◆ WORK TO BE COMPLETED: From the data below, return the exact lines starting at the line containing "Bilingual historical panel" and ending at the line containing "穆勒欧冠辉煌与传奇职业生涯的完美交响", both included, and nothing else.

Recorded data
Start of Block
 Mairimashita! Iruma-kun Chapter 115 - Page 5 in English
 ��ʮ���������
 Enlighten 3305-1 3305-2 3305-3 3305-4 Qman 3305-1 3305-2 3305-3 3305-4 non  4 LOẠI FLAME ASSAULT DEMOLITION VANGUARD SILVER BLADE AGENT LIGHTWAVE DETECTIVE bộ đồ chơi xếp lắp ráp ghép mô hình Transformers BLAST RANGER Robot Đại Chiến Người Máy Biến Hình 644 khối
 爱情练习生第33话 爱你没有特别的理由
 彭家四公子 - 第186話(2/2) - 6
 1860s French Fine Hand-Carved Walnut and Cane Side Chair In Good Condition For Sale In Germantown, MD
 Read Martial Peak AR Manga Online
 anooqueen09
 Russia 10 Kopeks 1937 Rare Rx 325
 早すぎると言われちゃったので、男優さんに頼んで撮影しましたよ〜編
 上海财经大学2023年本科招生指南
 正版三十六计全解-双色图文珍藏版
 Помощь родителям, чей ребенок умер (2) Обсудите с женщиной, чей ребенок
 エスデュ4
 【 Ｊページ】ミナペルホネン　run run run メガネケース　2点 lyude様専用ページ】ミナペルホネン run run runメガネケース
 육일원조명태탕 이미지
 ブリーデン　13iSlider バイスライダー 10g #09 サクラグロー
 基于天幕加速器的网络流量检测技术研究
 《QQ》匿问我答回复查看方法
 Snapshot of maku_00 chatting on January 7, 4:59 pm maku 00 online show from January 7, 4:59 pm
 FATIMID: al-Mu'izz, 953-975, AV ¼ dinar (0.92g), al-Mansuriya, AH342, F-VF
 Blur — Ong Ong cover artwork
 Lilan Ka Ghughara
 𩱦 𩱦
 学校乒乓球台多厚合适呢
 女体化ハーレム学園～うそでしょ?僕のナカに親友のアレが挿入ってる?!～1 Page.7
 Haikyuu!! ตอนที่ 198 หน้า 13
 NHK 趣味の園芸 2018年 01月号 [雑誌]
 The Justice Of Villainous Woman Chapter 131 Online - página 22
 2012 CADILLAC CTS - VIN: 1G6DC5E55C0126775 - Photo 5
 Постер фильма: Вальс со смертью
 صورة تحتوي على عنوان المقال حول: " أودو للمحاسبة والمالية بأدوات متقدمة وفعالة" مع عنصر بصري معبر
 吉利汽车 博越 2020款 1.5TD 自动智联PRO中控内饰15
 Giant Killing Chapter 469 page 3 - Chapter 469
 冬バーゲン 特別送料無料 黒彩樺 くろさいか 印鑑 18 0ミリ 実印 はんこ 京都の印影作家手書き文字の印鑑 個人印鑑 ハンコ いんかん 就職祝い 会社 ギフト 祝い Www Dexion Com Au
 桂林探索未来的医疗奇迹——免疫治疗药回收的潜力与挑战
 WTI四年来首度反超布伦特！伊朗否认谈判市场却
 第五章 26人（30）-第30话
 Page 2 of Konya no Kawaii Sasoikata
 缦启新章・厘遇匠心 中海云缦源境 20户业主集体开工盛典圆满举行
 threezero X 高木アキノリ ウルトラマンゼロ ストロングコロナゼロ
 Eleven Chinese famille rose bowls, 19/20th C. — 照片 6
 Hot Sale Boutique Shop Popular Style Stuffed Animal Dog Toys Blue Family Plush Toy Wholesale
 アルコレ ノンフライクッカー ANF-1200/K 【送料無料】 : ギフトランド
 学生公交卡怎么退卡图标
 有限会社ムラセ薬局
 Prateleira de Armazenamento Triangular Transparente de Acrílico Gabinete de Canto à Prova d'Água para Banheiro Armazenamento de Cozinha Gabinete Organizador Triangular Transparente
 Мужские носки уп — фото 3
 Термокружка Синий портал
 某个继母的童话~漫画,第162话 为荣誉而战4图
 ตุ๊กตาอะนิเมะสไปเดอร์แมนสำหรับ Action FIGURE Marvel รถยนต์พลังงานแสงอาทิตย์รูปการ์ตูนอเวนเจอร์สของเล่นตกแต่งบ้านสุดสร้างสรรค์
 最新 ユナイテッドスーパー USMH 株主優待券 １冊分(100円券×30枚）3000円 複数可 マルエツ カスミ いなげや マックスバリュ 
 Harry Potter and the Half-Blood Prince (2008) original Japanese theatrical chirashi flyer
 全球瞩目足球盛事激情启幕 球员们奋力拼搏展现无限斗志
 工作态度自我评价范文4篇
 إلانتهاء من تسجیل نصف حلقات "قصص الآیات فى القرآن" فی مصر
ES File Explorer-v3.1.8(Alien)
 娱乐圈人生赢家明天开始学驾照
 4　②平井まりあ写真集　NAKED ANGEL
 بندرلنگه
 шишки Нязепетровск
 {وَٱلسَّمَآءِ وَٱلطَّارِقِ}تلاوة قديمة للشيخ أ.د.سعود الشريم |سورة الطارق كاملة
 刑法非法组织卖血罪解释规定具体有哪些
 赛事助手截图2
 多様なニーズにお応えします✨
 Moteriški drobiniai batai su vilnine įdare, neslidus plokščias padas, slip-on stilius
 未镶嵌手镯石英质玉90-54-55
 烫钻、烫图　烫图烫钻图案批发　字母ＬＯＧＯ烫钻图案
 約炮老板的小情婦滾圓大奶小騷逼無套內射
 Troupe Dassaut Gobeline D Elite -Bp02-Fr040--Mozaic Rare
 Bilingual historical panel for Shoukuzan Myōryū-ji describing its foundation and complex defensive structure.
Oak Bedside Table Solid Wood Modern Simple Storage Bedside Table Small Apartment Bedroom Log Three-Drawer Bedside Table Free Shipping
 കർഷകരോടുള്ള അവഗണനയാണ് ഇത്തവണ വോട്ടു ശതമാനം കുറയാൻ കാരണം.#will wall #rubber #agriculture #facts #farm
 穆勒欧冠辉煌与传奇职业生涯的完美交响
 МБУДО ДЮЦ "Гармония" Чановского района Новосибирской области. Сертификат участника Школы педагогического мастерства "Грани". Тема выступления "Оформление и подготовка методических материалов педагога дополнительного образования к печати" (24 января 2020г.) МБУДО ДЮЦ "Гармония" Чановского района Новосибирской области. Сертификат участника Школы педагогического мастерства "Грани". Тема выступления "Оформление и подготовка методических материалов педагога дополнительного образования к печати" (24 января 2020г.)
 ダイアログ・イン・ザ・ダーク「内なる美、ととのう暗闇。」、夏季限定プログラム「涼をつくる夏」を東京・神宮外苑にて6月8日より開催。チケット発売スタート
End of Block
◆ SOLUTION TO THE EXERCISE:
 Bilingual historical panel for Shoukuzan Myōryū-ji describing its foundation and complex defensive structure.
Oak Bedside Table Solid Wood Modern Simple Storage Bedside Table Small Apartment Bedroom Log Three-Drawer Bedside Table Free Shipping
 കർഷകരോടുള്ള അവഗണനയാണ് ഇത്തവണ വോട്ടു ശതമാനം കുറയാൻ കാരണം.#will wall #rubber #agriculture #facts #farm
 穆勒欧冠辉煌与传奇职业生涯的完美交响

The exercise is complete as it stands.